The benchmark datasets used to conduct the research were obtained from the KEEL dataset repository [1]. The set of benchmark datasets was specially selected to ensure the robustness of the study and includes data with a varying numbers of instances, number and type of class attributes and the imbalance ratio of classes. The characteristics of the datasets used in the experiments are shown in Table 3 - for each dataset, it includes the number of instances (#Inst.), the number of attributes (#Atts.), the number of real, integer and nominal attributes (respectively #Real., #Int., and #Nom.), the number of classes (#Cl.) and the distribution of classes (#Dc.). All numerical features were normalized, and categorical attributes were encoded using the so-called one-hot encoding.

4 Experimental Study

In this section, the results of the experimental study are presented. Table 4 shows the results for the best variant of each binarization strategy for the benchmark datasets without internal sampling. As we can see, in this case the OVO strategy outperformed the other two methods. Friedman Test returned \(p-Value = p=0.008\), pointing to a statistically significant difference between the results of those methods. However, Nemenyi Test revealed only the statistically significant difference between OVO and ECOC methods. Results obtained for each binarization strategy and critical differences for posthoc tests are visualized respectively in Fig. 1 and Fig. 2.

Table 3. Summary description of the datasets.
Table 4. G-mean results for tested binarization strategies without sampling.

Table 5 shows results for binarization strategies after enhancing the performance of base learners with sampling methods. Although the results are visibly better than they were obtained using pure binarization schemes, the hierarchy seems to be preserved with OVO outperforming the other two techniques, which is confirmed by the Friedman Test returning \(p-Value = p=0.006\) pointing to statistically significant difference and Nemenyi Test revealing only statistically significant difference between OVO and ECOC strategies. Those results seem to be consistent with the study carried out in [11], which points out that OVO approach confronts a lower subset of instances and, therefore, is less likely to obtain a highly imbalanced training sets during binarization. Results obtained for each binarization strategy with the usage of internal sampling algorithms and critical differences for posthoc tests are visualized respectively in Fig. 3 and Fig. 4.

Wilcoxon Signed-Ranks Test was performed to determine whether or not there is a statistically significant difference between each strategy pure variant and variant enhanced with sampling algorithms. As shown in Table 6, in every case, the usage of sampling algorithms to internally enhance base models significantly improved the overall performance of the binarization strategy.

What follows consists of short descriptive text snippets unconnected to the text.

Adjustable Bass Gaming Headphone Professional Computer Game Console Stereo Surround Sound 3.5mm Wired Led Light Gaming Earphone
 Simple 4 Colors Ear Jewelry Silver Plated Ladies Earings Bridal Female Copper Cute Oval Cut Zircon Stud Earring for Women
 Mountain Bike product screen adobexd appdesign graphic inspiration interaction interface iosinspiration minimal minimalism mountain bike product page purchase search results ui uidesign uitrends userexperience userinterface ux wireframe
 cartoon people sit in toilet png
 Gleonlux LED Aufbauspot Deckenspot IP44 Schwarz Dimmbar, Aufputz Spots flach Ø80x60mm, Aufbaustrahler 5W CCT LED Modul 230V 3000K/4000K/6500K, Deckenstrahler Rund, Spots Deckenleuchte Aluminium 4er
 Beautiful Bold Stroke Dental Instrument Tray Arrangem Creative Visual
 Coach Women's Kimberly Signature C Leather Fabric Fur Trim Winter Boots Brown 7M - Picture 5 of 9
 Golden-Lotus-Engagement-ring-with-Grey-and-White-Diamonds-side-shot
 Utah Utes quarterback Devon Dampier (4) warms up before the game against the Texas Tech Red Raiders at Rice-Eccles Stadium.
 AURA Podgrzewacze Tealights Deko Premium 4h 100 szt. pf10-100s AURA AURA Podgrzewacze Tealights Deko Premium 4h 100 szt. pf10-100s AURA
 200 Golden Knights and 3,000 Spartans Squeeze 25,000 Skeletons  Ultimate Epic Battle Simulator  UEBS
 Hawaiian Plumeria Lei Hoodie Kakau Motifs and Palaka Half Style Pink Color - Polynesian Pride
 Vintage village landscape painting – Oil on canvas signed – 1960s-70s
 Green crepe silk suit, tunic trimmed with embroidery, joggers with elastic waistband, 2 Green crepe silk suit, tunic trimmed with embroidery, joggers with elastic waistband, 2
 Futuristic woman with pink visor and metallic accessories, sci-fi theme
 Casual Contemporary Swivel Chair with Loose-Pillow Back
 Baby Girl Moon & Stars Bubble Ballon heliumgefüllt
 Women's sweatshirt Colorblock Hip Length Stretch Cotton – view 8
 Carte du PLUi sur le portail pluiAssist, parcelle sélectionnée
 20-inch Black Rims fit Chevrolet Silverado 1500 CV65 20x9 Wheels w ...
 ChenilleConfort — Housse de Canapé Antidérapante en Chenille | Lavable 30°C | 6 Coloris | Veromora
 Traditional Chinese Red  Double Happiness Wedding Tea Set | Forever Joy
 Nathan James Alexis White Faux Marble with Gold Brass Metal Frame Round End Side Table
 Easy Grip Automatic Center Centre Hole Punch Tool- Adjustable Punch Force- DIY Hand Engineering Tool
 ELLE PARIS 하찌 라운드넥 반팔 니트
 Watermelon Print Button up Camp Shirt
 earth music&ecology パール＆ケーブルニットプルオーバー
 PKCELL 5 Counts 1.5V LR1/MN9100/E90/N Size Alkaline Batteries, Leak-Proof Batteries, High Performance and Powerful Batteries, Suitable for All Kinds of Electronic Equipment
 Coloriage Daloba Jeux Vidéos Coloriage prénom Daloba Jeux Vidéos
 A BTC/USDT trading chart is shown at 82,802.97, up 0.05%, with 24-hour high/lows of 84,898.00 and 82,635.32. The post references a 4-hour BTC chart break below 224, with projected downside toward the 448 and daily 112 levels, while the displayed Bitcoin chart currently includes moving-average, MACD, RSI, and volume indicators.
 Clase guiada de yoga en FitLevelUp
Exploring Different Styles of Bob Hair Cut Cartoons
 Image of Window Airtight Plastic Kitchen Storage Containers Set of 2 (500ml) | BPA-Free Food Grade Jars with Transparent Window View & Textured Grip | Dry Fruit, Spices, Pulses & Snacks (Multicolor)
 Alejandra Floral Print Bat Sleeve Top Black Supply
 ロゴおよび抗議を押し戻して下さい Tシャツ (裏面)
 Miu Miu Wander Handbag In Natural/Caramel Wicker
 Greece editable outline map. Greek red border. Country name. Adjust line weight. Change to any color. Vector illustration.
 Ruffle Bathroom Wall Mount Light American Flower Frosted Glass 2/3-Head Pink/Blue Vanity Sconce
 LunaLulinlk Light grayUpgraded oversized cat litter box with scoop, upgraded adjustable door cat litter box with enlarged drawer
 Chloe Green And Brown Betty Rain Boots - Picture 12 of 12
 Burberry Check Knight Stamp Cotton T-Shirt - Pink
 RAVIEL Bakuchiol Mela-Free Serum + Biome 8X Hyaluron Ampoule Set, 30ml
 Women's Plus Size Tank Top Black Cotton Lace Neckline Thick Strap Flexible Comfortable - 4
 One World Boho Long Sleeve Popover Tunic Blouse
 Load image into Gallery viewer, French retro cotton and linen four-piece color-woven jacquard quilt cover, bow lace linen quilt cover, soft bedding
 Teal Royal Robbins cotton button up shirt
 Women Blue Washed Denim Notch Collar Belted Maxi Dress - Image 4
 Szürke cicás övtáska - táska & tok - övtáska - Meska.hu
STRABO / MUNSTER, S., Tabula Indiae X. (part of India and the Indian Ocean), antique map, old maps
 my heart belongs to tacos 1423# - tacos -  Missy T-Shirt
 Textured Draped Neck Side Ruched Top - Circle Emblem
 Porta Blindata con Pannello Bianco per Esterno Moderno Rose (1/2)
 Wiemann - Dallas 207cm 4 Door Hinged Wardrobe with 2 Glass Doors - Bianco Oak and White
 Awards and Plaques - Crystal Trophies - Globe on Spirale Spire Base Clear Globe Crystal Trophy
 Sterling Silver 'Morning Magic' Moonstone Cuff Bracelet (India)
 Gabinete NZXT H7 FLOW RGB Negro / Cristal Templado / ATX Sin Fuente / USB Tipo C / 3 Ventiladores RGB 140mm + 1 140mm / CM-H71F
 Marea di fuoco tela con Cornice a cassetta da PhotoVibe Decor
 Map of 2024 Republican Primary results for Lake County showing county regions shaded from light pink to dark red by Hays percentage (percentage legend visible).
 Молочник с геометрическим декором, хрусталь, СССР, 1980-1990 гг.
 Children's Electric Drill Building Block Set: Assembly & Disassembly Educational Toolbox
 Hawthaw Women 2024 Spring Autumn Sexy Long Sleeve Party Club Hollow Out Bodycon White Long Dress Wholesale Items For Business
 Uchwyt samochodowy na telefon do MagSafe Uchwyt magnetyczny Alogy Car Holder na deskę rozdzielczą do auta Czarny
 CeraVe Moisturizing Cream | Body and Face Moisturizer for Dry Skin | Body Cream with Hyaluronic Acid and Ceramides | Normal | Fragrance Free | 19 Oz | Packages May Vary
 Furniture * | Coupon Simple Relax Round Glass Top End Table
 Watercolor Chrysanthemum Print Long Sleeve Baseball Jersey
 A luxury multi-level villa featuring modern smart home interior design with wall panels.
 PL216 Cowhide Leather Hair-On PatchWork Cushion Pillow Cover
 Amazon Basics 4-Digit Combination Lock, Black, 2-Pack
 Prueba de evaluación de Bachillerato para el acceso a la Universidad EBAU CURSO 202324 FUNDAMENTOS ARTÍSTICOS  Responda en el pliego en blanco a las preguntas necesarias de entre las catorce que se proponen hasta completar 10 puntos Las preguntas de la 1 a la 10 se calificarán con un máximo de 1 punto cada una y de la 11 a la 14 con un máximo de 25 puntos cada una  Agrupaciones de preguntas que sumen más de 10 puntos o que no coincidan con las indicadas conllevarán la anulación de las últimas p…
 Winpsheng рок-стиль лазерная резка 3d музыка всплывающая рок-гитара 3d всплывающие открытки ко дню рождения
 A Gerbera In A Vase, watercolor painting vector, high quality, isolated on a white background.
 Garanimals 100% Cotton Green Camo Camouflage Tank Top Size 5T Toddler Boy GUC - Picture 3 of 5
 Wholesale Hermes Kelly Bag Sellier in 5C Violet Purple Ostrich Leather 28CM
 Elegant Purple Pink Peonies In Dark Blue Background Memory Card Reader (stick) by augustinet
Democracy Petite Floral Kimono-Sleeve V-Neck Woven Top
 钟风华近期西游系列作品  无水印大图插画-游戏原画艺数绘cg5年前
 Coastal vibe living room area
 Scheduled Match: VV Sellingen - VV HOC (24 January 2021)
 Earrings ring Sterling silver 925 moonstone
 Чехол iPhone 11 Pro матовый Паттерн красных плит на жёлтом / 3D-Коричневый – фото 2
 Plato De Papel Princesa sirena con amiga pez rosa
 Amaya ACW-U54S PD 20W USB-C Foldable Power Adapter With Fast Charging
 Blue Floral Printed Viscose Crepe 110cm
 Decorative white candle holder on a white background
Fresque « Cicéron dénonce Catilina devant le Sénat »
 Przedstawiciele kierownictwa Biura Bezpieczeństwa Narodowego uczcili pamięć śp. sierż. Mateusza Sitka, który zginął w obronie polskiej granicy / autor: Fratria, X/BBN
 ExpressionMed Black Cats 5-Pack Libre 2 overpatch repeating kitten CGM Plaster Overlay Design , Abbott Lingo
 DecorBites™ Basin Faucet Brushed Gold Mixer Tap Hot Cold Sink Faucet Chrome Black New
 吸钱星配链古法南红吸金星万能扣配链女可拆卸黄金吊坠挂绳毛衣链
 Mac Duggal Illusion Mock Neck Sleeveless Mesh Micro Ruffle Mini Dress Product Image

Table 5. G-mean results for tested binarization strategies with sampling.
Fig. 1.
figure 1

G-mean results for tested binarization strategies without sampling.

Fig. 2.
figure 2

Critical differences for Nemenyi Test for tested binarization strategies without sampling.

Fig. 3.
figure 3

G-mean results for tested binarization strategies with sampling.

Fig. 4.
figure 4

Critical differences for Nemenyi Test for tested binarization strategies with sampling.

Table 6. Wilcoxon Signed-Ranks Test to compare binarization strategies variants with and without internal sampling. \(R^+\) corresponds to the sum of the ranks for pure binarization strategy and \(R^-\) for variant with sampling.

5 Concluding Remarks

In this paper, we carried out an extensive comparative experimental study of One-Vs-All, One-Vs-One, and Error-Correcting Output Codes binarization strategies in the context of imbalanced multi-classification problems. We have shown that one can reliably boost the performance of all of the binarization schemes with relatively simple sampling algorithms, which was then confirmed by a thorough statistical analysis. Another conclusion from this work is that the data preprocessing methods are able to partially mitigate the quality differences among different strategies, however the statistically significant difference among obtained results persists and OVO binarization seems to be the most robust of all three - this conclusion confirms the results of previous studies carried out in this field.